EXERCISE ▸ The entries are to be written out word for word, with their images left out.

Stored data
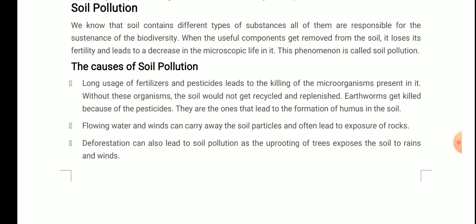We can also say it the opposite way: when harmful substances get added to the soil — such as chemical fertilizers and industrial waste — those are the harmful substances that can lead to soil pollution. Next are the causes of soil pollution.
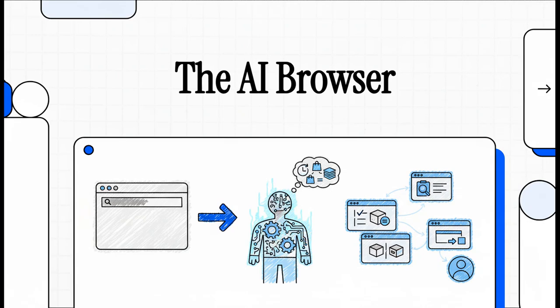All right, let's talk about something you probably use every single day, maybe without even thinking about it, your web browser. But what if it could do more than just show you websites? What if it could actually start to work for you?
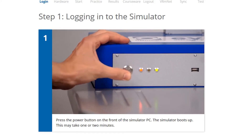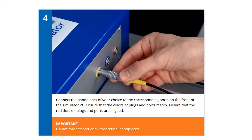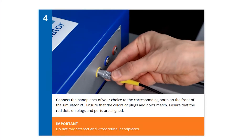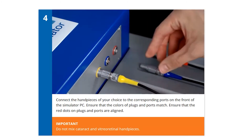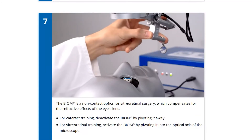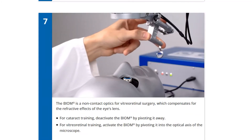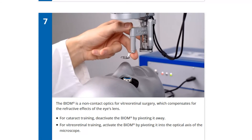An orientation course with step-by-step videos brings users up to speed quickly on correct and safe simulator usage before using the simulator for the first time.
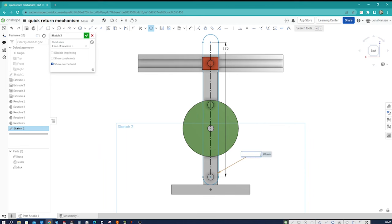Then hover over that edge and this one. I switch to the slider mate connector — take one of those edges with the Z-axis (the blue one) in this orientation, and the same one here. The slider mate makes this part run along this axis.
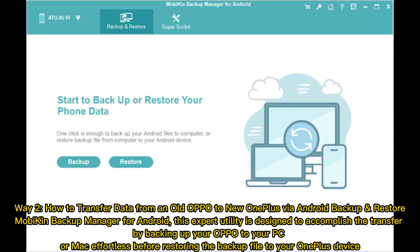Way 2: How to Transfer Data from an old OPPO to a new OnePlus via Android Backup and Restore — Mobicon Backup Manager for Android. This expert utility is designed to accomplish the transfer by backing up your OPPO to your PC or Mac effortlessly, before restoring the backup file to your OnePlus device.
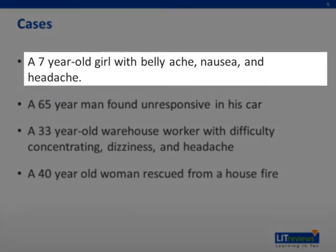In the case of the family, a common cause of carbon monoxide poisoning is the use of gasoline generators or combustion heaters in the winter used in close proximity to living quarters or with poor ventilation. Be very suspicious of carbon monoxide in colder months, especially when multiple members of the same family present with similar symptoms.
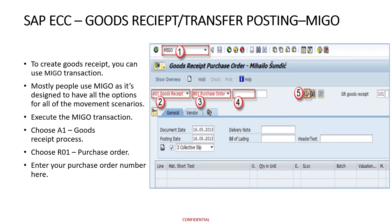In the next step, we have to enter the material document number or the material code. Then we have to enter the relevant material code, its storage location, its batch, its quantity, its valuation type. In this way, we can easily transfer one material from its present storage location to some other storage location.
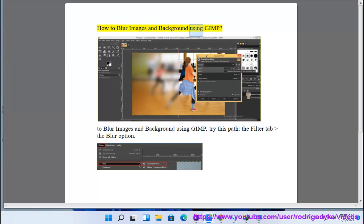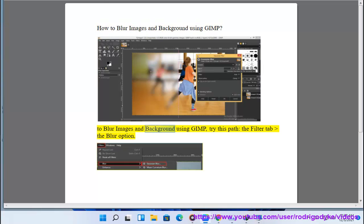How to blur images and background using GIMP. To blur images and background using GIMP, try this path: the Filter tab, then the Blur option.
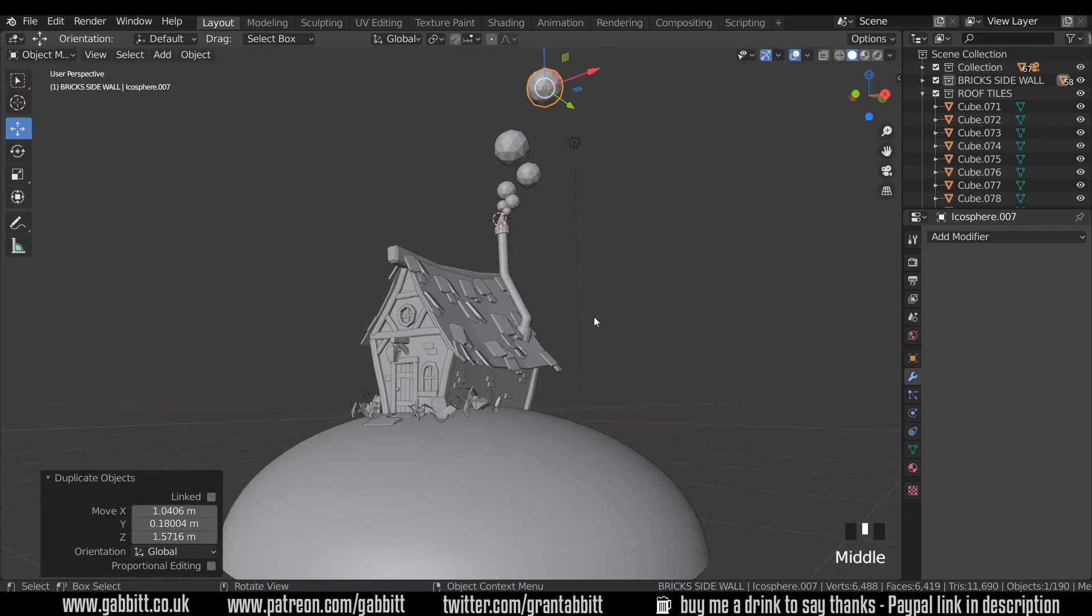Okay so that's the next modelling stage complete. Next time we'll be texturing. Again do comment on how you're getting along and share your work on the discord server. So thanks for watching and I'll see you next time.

RESULT OF THE TASK ▸
We can also say it the opposite way: when harmful substances get added to the soil — such as chemical fertilizers and industrial waste — those are the harmful substances that can lead to soil pollution. Next are the causes of soil pollution.
All right, let's talk about something you probably use every single day, maybe without even thinking about it, your web browser. But what if it could do more than just show you websites? What if it could actually start to work for you?
An orientation course with step-by-step videos brings users up to speed quickly on correct and safe simulator usage before using the simulator for the first time.
Then hover over that edge and this one. I switch to the slider mate connector — take one of those edges with the Z-axis (the blue one) in this orientation, and the same one here. The slider mate makes this part run along this axis.
Way 2: How to Transfer Data from an old OPPO to a new OnePlus via Android Backup and Restore — Mobicon Backup Manager for Android. This expert utility is designed to accomplish the transfer by backing up your OPPO to your PC or Mac effortlessly, before restoring the backup file to your OnePlus device.
In the case of the family, a common cause of carbon monoxide poisoning is the use of gasoline generators or combustion heaters in the winter used in close proximity to living quarters or with poor ventilation. Be very suspicious of carbon monoxide in colder months, especially when multiple members of the same family present with similar symptoms.
In the next step, we have to enter the material document number or the material code. Then we have to enter the relevant material code, its storage location, its batch, its quantity, its valuation type. In this way, we can easily transfer one material from its present storage location to some other storage location.
How to blur images and background using GIMP. To blur images and background using GIMP, try this path: the Filter tab, then the Blur option.
Okay so that's the next modelling stage complete. Next time we'll be texturing. Again do comment on how you're getting along and share your work on the discord server. So thanks for watching and I'll see you next time.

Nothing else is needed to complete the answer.